– Malatya’da yeni tip koronavirüs (Kovid-19) tedavisinin akabinde iyileşen ve Türkiye’nin birinci immün plazma donörü olan Gıyaseddin Bakır, hastalığı yenenleri bağışta bulunmaya davet etti.
Malatya’da oturan 46 yaşındaki Gıyasettin Bakır, koronavirüse yakalandıktan sonra 12 gün tedavi gördü. Sıhhatine kavuşmasının akabinde taburcu edilen Bakır, Türkiye’de birinci sefer immün plazma tedavisi uygulanan İnönü Üniversitesi Turgut Özal Tıp Merkezine donör olması için davet edildi.
Bağışta bulunarak Türkiye’de yapılan birinci immün plazma nakline vesile olan Bakır, 56 yaşındaki Abidin Aybar’ın Kovid-19’u yenmesine ve hayata tekrar tutunmasına katkı sağladı.
Gıyaseddin Bakır, AA muhabirine, sıhhatine kavuştuğu için çok memnun olduğunu söyledi.
Oğlunun da Kovid-19 tedavisi gördüğünü anlatan Bakır, süreci oğluyla tıpkı odada kalarak kısa müddette atlattıklarını söz etti.
Hastalık sürecinde büyük kaygı yaşadıklarını belirten Bakır, şöyle konuştu:
“Oğlumu her dakika gözlemliyordum. Daha sonra tekrar analiz yapılınca oğlumun testi negatif çıktı. Benim de 12 gün sonunda testim negatif çıkınca çok şükür taburcu edildik. Kendimizden korkmaya başlamıştık. Sanki başka hastalar üzere ağır bakıma gidecek miyiz, teneffüs aygıtlarına bağlayacaklar mı diye çok korktuk. Çok şükür rahat atlattık, daha sonra 14 günlük süreci meskende tamamladık.”
– “Ölüm kaygısı yaşadım”
Gıyaseddin Bakır, tedavi gördüğü süreçte birçok makûs kanıya kapıldığını, tabip ve hemşirelerin takviyesiyle bu şiddetli süreci atlattığını kaydetti.
Hastalık sürecinde birçok bireyden dayanak bildirisi aldığını anlatan Bakır, şöyle devam etti:
“Bana bir şey olursa çocuklarım ne yapacak diye mevt telaşı yaşadım. Herkeste olan endişeyi biz de yaşadık. Bu süreçte çok farklı şeyler düşünüyorsun. Ne oldu ne olacak diye zorluk çektim. Her an berbata de gidebilirdik. Berbata gidenleri de gördük. Hekimlerin, hemşirelerin çok büyük yararı var. Saat başı bizi denetim ediyorlardı. Daima teneffüs, tansiyon denetimi yaptılar, muazzam bir tedavi uygulandı, hepsine çok teşekkür ediyorum. 12 günlük süreci tamamlayıp meskene döndükten sonra 14 gün boyunca kimseyle görüşmedim. Yemeğe bile çekinerek oturuyordum. Hastalıktan çıktım, sanki eşime, öteki çocuğuma bulaşacak mı diye uzaklık koyuyordum.”

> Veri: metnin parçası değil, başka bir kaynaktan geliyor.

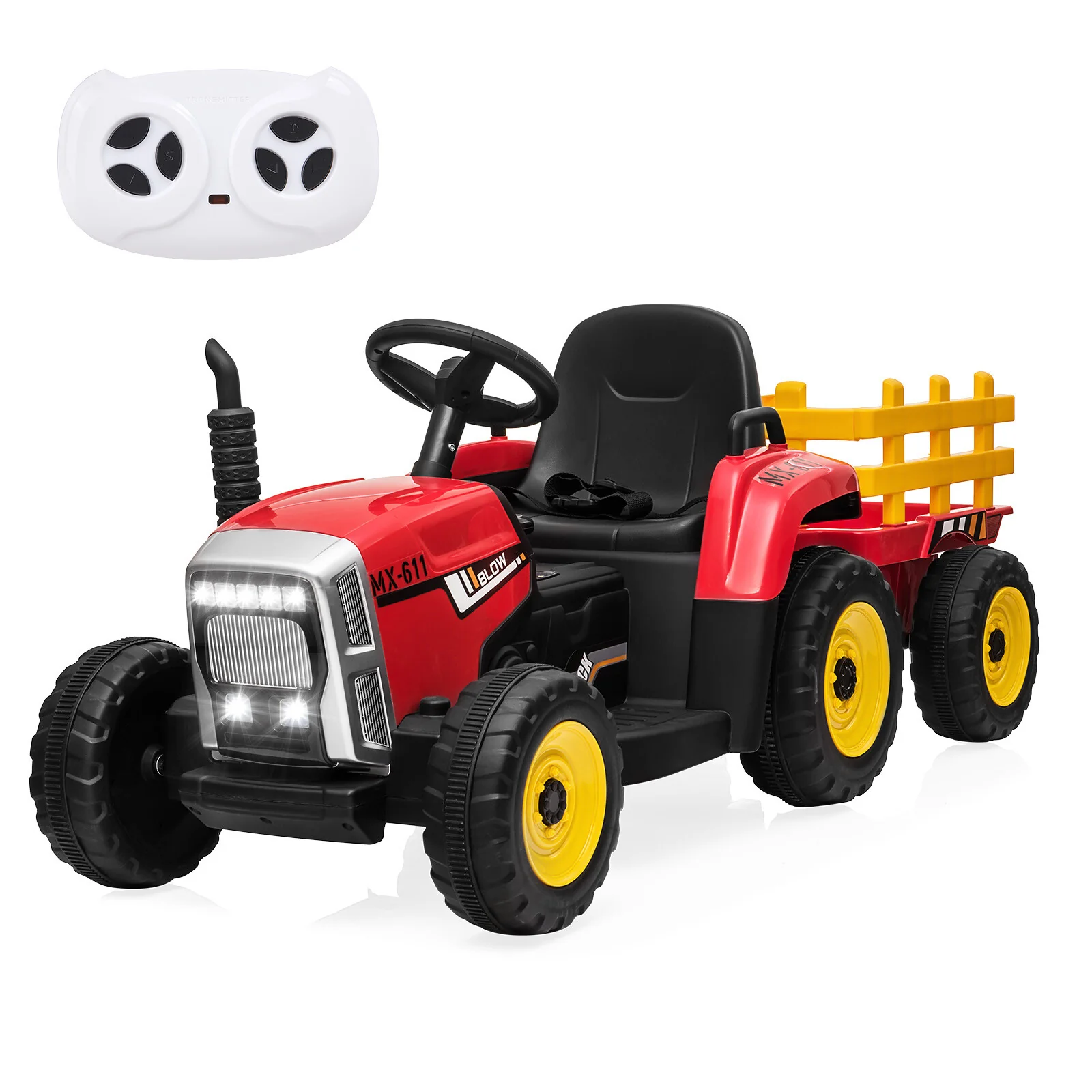 12V Electric Kids Ride-On Tractor with Trailer and Remote Control - Image 10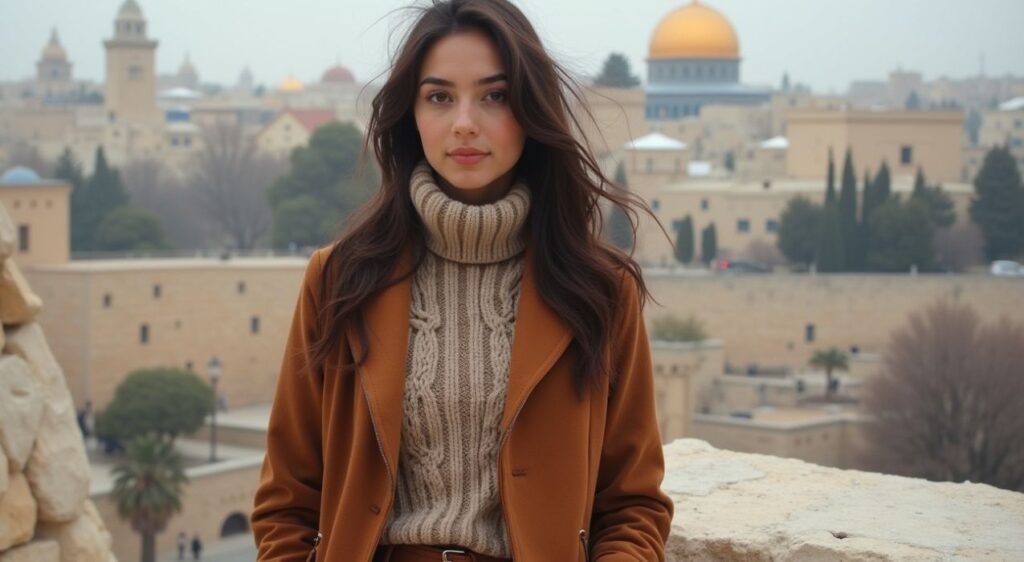 Woman in Winter outfit with sweater, jacket, and boots for Jerusalem's chilly mornings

– “Vatandaşlık vazifemiz neyse onu yaptım”
Bakır, Türkiye’nin birinci immün plazma donörü olmanın memnunluğunu yaşadığını lisana getirdi.
Hastaneden kendisine bağışta bulunup bulunmayacağını sorduklarını belirten Bakır, şunları kaydetti:
“İnsanlara yararı olacak, bize de ziyanı olmayacaksa insanlık vazifemizdir dedim. İnsanlık vazifemi yaparak immün plazma donörü oldum. Bağışta bulunduğum gün sabah saat 8’de aygıta bağladılar ve birinci plazmayı verdim. Bağışladığım plazma birçok hastada kullanılmış, çok büyük muvaffakiyet elde edilmiş, memnunum. Vatandaşlık misyonumuz neyse onu yaptım. Plazma bağışı için beni çağırdıklarında demek ki Allah’ın sevilen bir kuluymuşum diye düşündüm. Daha sonra hastalardan biriyle görüştüm, teşekkür etti bana, ben de ‘geçmiş olsun’ diledim. Çok şükür onların da durumları iyi. Allah sıhhat sıhhat versin.”
Hastalığa yakalanan vatandaşların taburcu edildikten sonra bağışta bulunmasını isteyen Bakır, hayat kurtarmanın anlatılmaz bir his olduğunu kelamlarına ekledi.